How do I split "abcd efgh" into "abcd" and "efgh"? - bash

This is really self explanatory. I'm working in a bash shell and I'm really new to shell scripting. I've found a lot of information about using tr and sed but all the examples I have found so far are removing delimiters and new lines. I really want to do the opposite of that. I want to be able to separate based on a blank space. I have a string like "abcd efgh" and I need it to be "abcd" "efgh" (all without quotes, just to show groupings).
I'm sure this is much simpler than I'm making it, but I'm very confused.
Updated Question:
I have a column of PIDs that I have put into an array, but each element of the array has both the pids in the column.
Column:
1234
5678
when I print out the entire array, all the different columns have been added so I have all the values, but when I print out a single element of my array I get something like:
1234 5678
which is not what I want.
I need to have an element for 1234 and a separate one for 5678.
This is my code so far:
!/bin/bash
echo "Enter the File Name"
read ips
index=0
IFS=' '
while read myaddr myname; do
myips[$index]="$myaddr"
names[$index]="$myname"
index=$(($index+1))
done < $ips
echo "my IPs are: ${myips[*]}"
echo "the corresponding names are: ${names[*]}"
echo "Total IPs in the file: ${index}"
ind=0
for i in "$myips[#]}"
do
echo $i
pids=( $(jps | awk '{print $1}') )
for pid in "${pids[#]}"; do
echo $pid
done
echo "my PIDs are: ${pids}"
for j in "${pids[#]}"
do
mypids[$ind]="$j"
ind=$(($ind+1))
done
done
echo "${mypids[*]}"
echo "The 3rd PID is: ${mypids[2]}"
SAMPLE OUTPUT:
Total IPs in the file: 6
xxx.xxx.xxx.xxx
5504
1268
1
xxx.xxx.xxx.xxx
5504
4352
1
xxx.xxx.xxx.xxx
5504
4340
1
5504
1268 5504
4352 5504
4340
The 3rd pid is: 5504
4340
I need each pid to be separate, so that each element of the array, is a single pid.
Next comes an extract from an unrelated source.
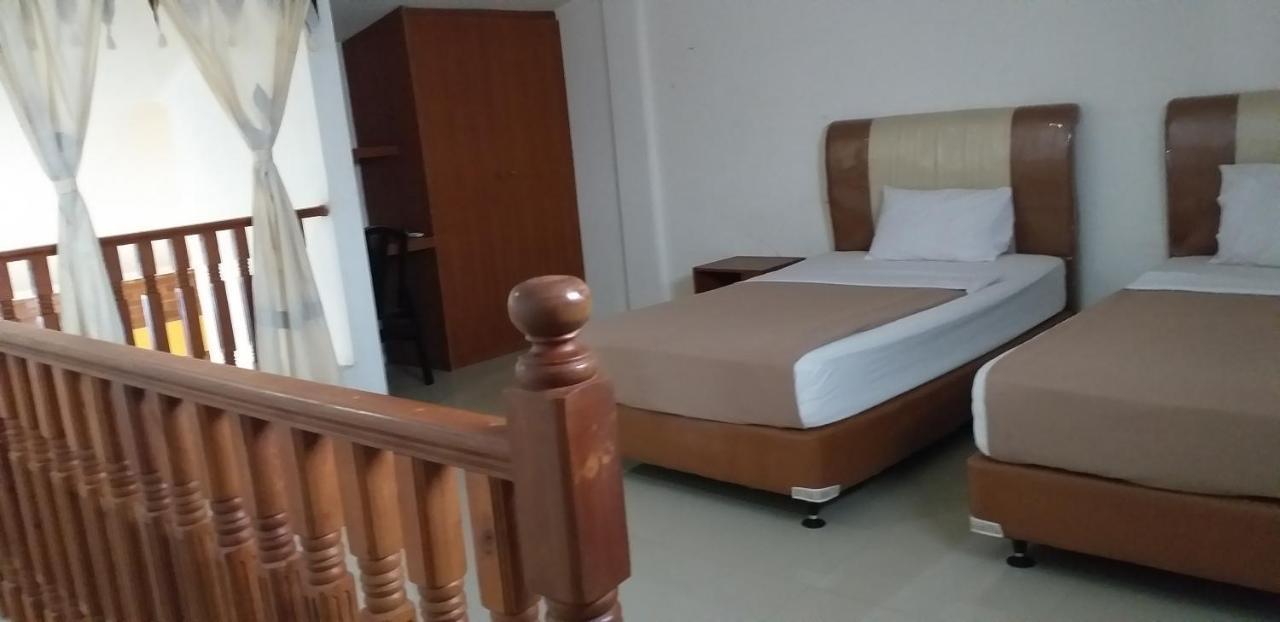 Intan Hotel Purwakarta Buitenkant foto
So for instance, the line "The 3rd pid is: " needs to look something like
The 3rd pid is: 5504
and the 4th element would be 4340

Try cut:
$ echo "abcd efgh" | cut -d" " -f1
abcd
$ echo "abcd efgh" | cut -d" " -f2
efgh
Alternatively, if at some point you want to do something more complex, do look into awk as well:
$ echo "abcd efgh" | awk '{print $1}'
abcd
$ echo "abcd efgh" | awk '{print $2}'
efgh
To address your updated question:
I have a column of PIDs that I have put into an array, but each element of the array has both the pids in the column.
If you want to load a column of data into an array, you could do something like this:
$ pgrep sshd # example command. Get pid of all sshd processes
795
32046
32225
$ A=(`pgrep sshd`) # store output of command in array A
$ echo ${A[0]} # print first value
795
$ echo ${A[1]} # print second value
32046
To address the example code you posted, the reason for your problem is that you've change $IFS to a space (IFS=' ') which means that your columns which are separated by newlines are no longer being split.
Consider this example:
$ A=(`pgrep sshd`)
$ echo ${A[0]} # works as expected
795
$ IFS=' ' # change IFS to space only
$ A=(`pgrep sshd`)
$ echo ${A[0]} # newlines no longer used as separator
795
32046
32225
To avoid this problem, a common approach is to always backup the original IFS and replace it once you've done using the updated value. E.g.
# backup original IFS
OLDIFS=$IFS
IFS=' '
# .. do stuff ...
# restore after use
IFS=$OLDIFS

Sample file:
abcd efgh
bla blue
Using awk you can do the following
cat file.txt | awk '{print $1}'
This will output the following
abcd
bla
or
cat file.txt | awk '{print $2}'
This will output the following
efgh
blue
Awk is a really powerfull command I suggest you try to learn it as soon as you can. It will save you lots of headaches in bash scripting.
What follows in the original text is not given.